- **Work to be completed**
Please write out the data exactly, line by line.

Extracted records START

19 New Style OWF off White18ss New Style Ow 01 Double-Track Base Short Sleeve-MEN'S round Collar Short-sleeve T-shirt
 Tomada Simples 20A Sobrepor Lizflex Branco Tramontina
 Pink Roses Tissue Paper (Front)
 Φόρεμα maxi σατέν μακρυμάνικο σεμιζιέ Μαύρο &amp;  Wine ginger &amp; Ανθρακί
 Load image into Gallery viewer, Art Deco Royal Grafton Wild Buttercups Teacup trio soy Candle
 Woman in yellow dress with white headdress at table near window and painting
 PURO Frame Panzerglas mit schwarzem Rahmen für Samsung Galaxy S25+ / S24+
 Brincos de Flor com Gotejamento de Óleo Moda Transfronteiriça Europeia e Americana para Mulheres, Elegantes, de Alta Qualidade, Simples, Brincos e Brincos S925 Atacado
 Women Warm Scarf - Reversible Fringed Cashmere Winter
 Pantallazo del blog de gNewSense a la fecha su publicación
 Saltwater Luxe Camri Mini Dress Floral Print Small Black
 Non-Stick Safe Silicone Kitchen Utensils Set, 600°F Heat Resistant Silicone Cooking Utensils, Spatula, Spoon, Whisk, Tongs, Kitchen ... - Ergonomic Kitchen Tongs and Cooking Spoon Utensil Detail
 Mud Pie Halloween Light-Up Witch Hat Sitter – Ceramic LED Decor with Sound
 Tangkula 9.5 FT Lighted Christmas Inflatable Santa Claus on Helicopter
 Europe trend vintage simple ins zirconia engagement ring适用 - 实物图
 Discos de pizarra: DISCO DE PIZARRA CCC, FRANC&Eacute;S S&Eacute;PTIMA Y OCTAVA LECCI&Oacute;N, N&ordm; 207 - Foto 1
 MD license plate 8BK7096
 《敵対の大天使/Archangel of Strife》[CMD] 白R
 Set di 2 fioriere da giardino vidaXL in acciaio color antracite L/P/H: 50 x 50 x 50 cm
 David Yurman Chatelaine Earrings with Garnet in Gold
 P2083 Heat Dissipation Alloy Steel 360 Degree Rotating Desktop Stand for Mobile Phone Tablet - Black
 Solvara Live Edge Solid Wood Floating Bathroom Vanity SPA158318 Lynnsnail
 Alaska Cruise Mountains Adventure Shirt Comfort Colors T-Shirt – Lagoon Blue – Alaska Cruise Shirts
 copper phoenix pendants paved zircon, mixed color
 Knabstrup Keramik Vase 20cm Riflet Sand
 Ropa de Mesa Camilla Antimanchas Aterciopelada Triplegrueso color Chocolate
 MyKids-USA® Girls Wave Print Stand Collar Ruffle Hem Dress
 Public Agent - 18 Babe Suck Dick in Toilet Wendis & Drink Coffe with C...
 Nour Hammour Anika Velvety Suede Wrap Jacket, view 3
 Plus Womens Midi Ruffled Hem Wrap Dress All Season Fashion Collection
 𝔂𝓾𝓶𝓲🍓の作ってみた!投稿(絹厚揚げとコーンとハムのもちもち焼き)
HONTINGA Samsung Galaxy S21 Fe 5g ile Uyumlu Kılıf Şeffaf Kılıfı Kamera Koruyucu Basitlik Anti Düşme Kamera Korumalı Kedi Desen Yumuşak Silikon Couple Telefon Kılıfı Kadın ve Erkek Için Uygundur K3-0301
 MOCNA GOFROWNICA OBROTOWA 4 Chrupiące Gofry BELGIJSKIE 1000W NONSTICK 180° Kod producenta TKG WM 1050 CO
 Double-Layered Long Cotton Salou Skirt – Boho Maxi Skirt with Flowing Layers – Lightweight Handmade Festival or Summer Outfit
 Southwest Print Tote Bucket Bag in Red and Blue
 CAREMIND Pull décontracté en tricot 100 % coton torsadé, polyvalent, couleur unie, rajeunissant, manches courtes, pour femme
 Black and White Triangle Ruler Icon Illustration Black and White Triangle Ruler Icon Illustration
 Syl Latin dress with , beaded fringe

Extracted records END

- **Task response**
19 New Style OWF off White18ss New Style Ow 01 Double-Track Base Short Sleeve-MEN'S round Collar Short-sleeve T-shirt
 Tomada Simples 20A Sobrepor Lizflex Branco Tramontina
 Pink Roses Tissue Paper (Front)
 Φόρεμα maxi σατέν μακρυμάνικο σεμιζιέ Μαύρο &amp;  Wine ginger &amp; Ανθρακί
 Load image into Gallery viewer, Art Deco Royal Grafton Wild Buttercups Teacup trio soy Candle
 Woman in yellow dress with white headdress at table near window and painting
 PURO Frame Panzerglas mit schwarzem Rahmen für Samsung Galaxy S25+ / S24+
 Brincos de Flor com Gotejamento de Óleo Moda Transfronteiriça Europeia e Americana para Mulheres, Elegantes, de Alta Qualidade, Simples, Brincos e Brincos S925 Atacado
 Women Warm Scarf - Reversible Fringed Cashmere Winter
 Pantallazo del blog de gNewSense a la fecha su publicación
 Saltwater Luxe Camri Mini Dress Floral Print Small Black
 Non-Stick Safe Silicone Kitchen Utensils Set, 600°F Heat Resistant Silicone Cooking Utensils, Spatula, Spoon, Whisk, Tongs, Kitchen ... - Ergonomic Kitchen Tongs and Cooking Spoon Utensil Detail
 Mud Pie Halloween Light-Up Witch Hat Sitter – Ceramic LED Decor with Sound
 Tangkula 9.5 FT Lighted Christmas Inflatable Santa Claus on Helicopter
 Europe trend vintage simple ins zirconia engagement ring适用 - 实物图
 Discos de pizarra: DISCO DE PIZARRA CCC, FRANC&Eacute;S S&Eacute;PTIMA Y OCTAVA LECCI&Oacute;N, N&ordm; 207 - Foto 1
 MD license plate 8BK7096
 《敵対の大天使/Archangel of Strife》[CMD] 白R
 Set di 2 fioriere da giardino vidaXL in acciaio color antracite L/P/H: 50 x 50 x 50 cm
 David Yurman Chatelaine Earrings with Garnet in Gold
 P2083 Heat Dissipation Alloy Steel 360 Degree Rotating Desktop Stand for Mobile Phone Tablet - Black
 Solvara Live Edge Solid Wood Floating Bathroom Vanity SPA158318 Lynnsnail
 Alaska Cruise Mountains Adventure Shirt Comfort Colors T-Shirt – Lagoon Blue – Alaska Cruise Shirts
 copper phoenix pendants paved zircon, mixed color
 Knabstrup Keramik Vase 20cm Riflet Sand
 Ropa de Mesa Camilla Antimanchas Aterciopelada Triplegrueso color Chocolate
 MyKids-USA® Girls Wave Print Stand Collar Ruffle Hem Dress
 Public Agent - 18 Babe Suck Dick in Toilet Wendis & Drink Coffe with C...
 Nour Hammour Anika Velvety Suede Wrap Jacket, view 3
 Plus Womens Midi Ruffled Hem Wrap Dress All Season Fashion Collection
 𝔂𝓾𝓶𝓲🍓の作ってみた!投稿(絹厚揚げとコーンとハムのもちもち焼き)
HONTINGA Samsung Galaxy S21 Fe 5g ile Uyumlu Kılıf Şeffaf Kılıfı Kamera Koruyucu Basitlik Anti Düşme Kamera Korumalı Kedi Desen Yumuşak Silikon Couple Telefon Kılıfı Kadın ve Erkek Için Uygundur K3-0301
 MOCNA GOFROWNICA OBROTOWA 4 Chrupiące Gofry BELGIJSKIE 1000W NONSTICK 180° Kod producenta TKG WM 1050 CO
 Double-Layered Long Cotton Salou Skirt – Boho Maxi Skirt with Flowing Layers – Lightweight Handmade Festival or Summer Outfit
 Southwest Print Tote Bucket Bag in Red and Blue
 CAREMIND Pull décontracté en tricot 100 % coton torsadé, polyvalent, couleur unie, rajeunissant, manches courtes, pour femme
 Black and White Triangle Ruler Icon Illustration Black and White Triangle Ruler Icon Illustration
 Syl Latin dress with , beaded fringe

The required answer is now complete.